Cada vez que visito una caleta, una playa desierta, un lugar escondido, pienso –como muchos– en la posibilidad de quedarme a vivir ahí, anónimamente, lejos de ese mundo de tercera categoría que me persigue y define. Los lugares más tentadores son como Rottnest Island, frente a la costa de Perth en Australia Occidental, un paraíso cercano a las comodidades y suministros de la ciudad.
Los plutócratas rusos prefieren esconderse en sus palacios kitsch, construidos a medida en la Costa del Sol. Pero el mundo está lleno de lugares más civilizados que no aparecen en televisión. Si fuésemos fugitivos, nos escaparíamos a una pequeña ciudad de Europa Central. Un lugar lejos de los folletos turísticos, opulento y simple a la vez. Un lugar que nadie sabe que existe y sin embargo tiene cines, supermercados, trenes, bares; en fin, las comodidades a las que uno no debería renunciar durante la huída.
Hay una razón de porqué Suiza es Suiza: Mitteleuropa es el lugar para desaparecer. Sus habitantes han hecho de la discreción su principal industria.
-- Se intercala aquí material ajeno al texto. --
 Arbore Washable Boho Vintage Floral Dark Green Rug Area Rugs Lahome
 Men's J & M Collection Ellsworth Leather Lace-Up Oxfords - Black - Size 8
Elegiría una calle arbolada, una… grünen? gesäumte straße? en Biel, Linz, Heidelberg, Landsberg am Lech o cualquier otra pequeña ciudad bautizada por su río. Allí, lejos del largo brazo de la memoria, diluiría mis culpas entre contadores, filatelistas, bromatólgos, poetas y criminales anónimos.
Mi único problema sería controlar esta añoranza de mar.